U.S. House Said to Mull Adding Volcker Rule Shift to Budget Bill

(Bloomberg) -- Lawmakers in the U.S. House of Representatives are considering whether to add a measure that would ease one of Wall Street’s most hated post-financial crisis rules to a must-pass spending bill, according to a person with knowledge of the matter.

The move to change the Volcker Rule’s ban on proprietary trading may be included in next year’s budget for financial regulators, according to the person who asked not to be identified because the final text of the bill hasn’t been released.

The measure, which passed the House earlier this year, would put one regulator in charge of the rule’s implementation, instead of five, potentially making it simpler for banks to comply with it and to lobby to alter it. Firms including Goldman Sachs Group Inc. have been lobbying Congress to make such a change for years.

The House Appropriations Subcommittee on Financial Services is to begin work on a budget for agencies, including the U.S. Securities and Exchange Commission, on Thursday.
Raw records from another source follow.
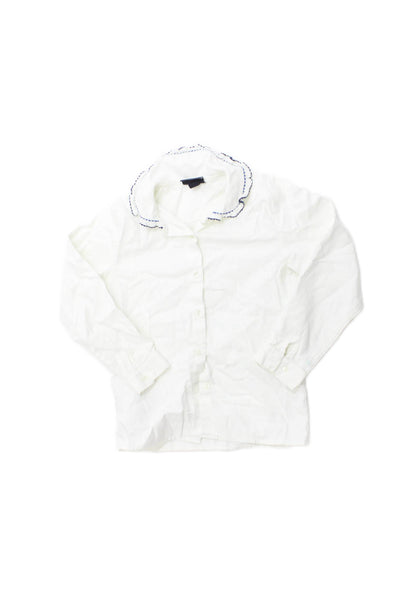 Oscar de la Renta Childrens Girls Button Down Shirt White Blue Size 8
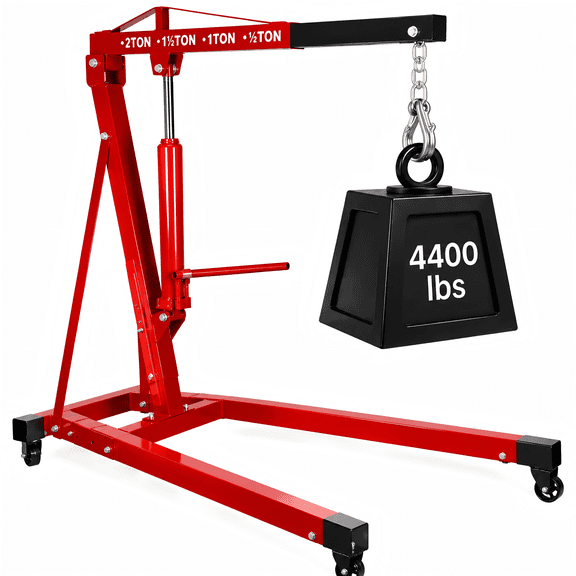 Hydraulic Engine Hoist, 2 ton 4400 lbs, Engine Hoist with 360° Swivel Wheels, Red 0.1 inch Thick Steel Crane for Workshop Service, Home Garage DIY and Motor Lift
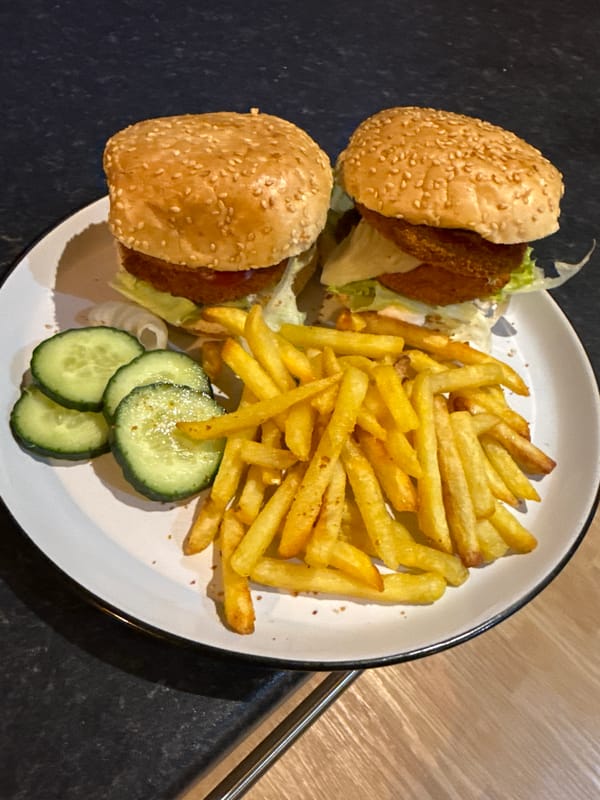 Burger meal documented in Great Yarmouth evening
A spokesman for Representative Tom Graves of Georgia, who chairs the subcommittee, declined to comment on whether the Volcker change would be included.

The Federal Reserve now shares oversight of the Volcker Rule with four other agencies, including the Securities and Exchange Commission and the Office of the Comptroller of the Currency. Banks argue the situation leads to redundant oversight, and makes it challenging to lobby for tweaks because five different regulators must agree on any revisions.

The measure, sponsored by French Hill, an Arkansas Republican, would make the Fed the sole regulator in charge of the Volcker Rule, which was created as part of the Dodd-Frank Act to restrict banks from trading with their own money.

Although the House approved the measure in April, it does not yet have a clear path forward for Senate passage. Its chances improve, however, should House lawmakers succeed in slipping it into the spending bill.

The Volcker Rule, named for former Federal Reserve Chairman Paul Volcker, has been a top target of Trump administration plans to cut back financial regulations that it sees as impediments to growth. Financial regulators appointed by President Donald Trump have already begun working on ways to revise the rule.

Supporters of the Volcker Rule say it protects against speculative bets that contributed to the 2008 meltdown and that any move to weaken it ultimately puts consumers at risk.